A faithful copy is needed of the lines below from the one with "Rose Damask Pretty Floral Antique Postcard" up to and including the one with "海口槟榔行情走势最新(海南槟榔市场费用是多少现在)-第2张图片"; set it down with no pictures and no other lines.
The input: Begin
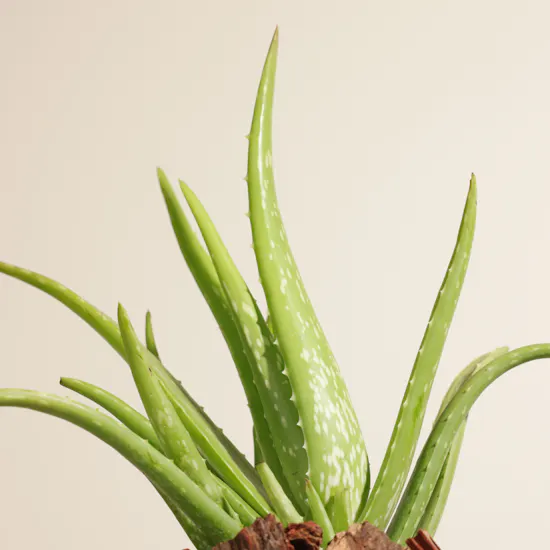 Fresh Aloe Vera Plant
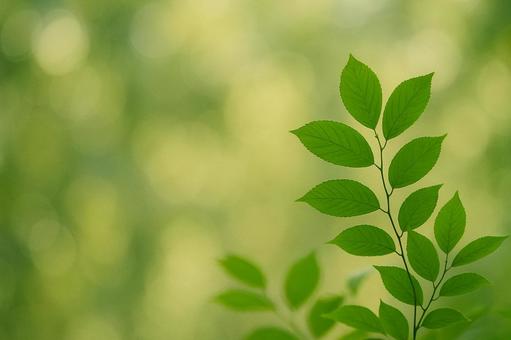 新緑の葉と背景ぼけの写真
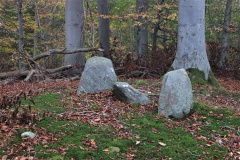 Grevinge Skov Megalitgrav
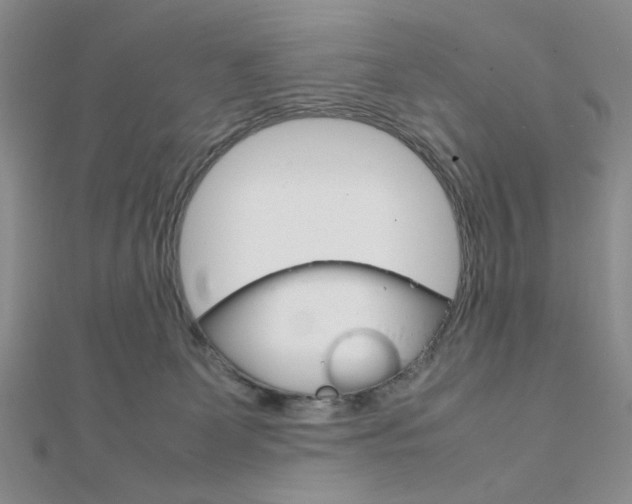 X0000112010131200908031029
The input: End
The input: Begin
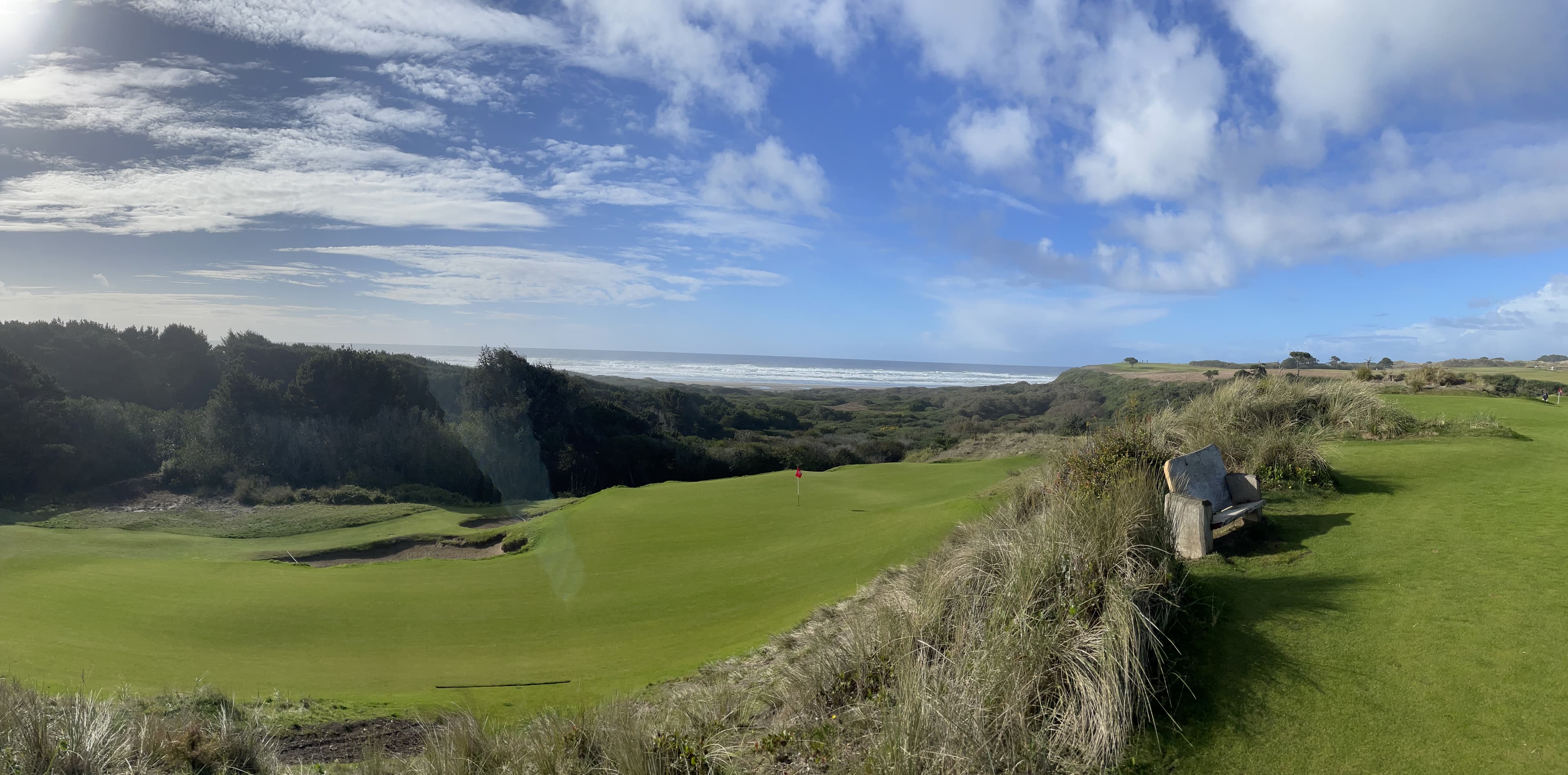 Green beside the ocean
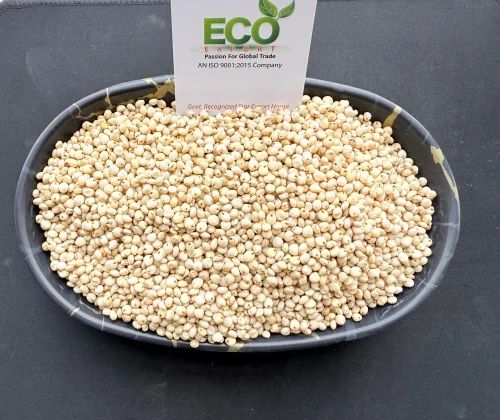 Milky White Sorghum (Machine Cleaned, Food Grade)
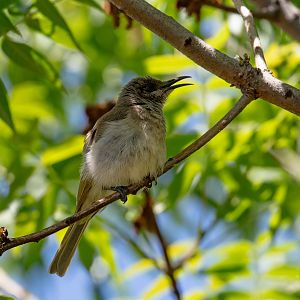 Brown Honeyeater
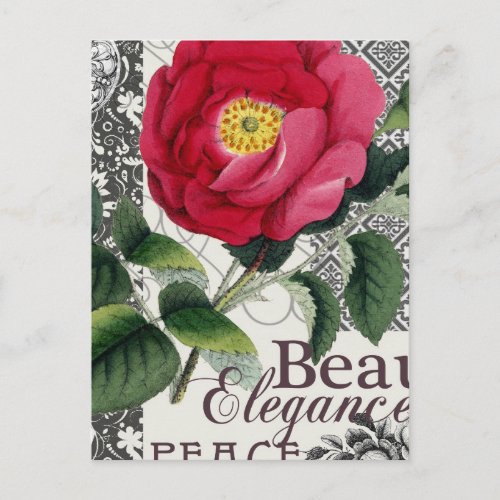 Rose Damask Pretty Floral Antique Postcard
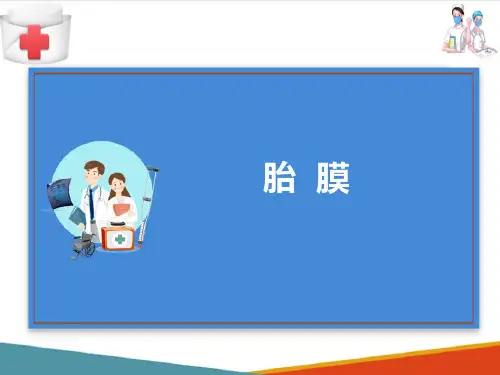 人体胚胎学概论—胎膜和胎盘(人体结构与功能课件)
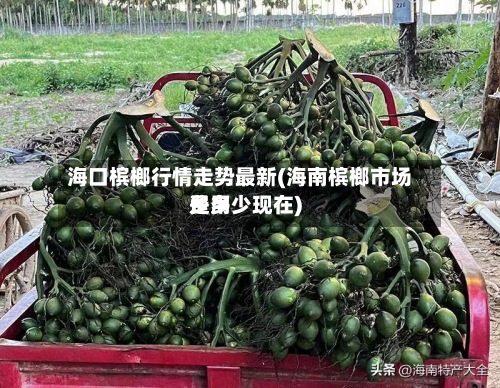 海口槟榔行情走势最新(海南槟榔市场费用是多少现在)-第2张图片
The input: End
Task response →
 Rose Damask Pretty Floral Antique Postcard
 人体胚胎学概论—胎膜和胎盘(人体结构与功能课件)
 海口槟榔行情走势最新(海南槟榔市场费用是多少现在)-第2张图片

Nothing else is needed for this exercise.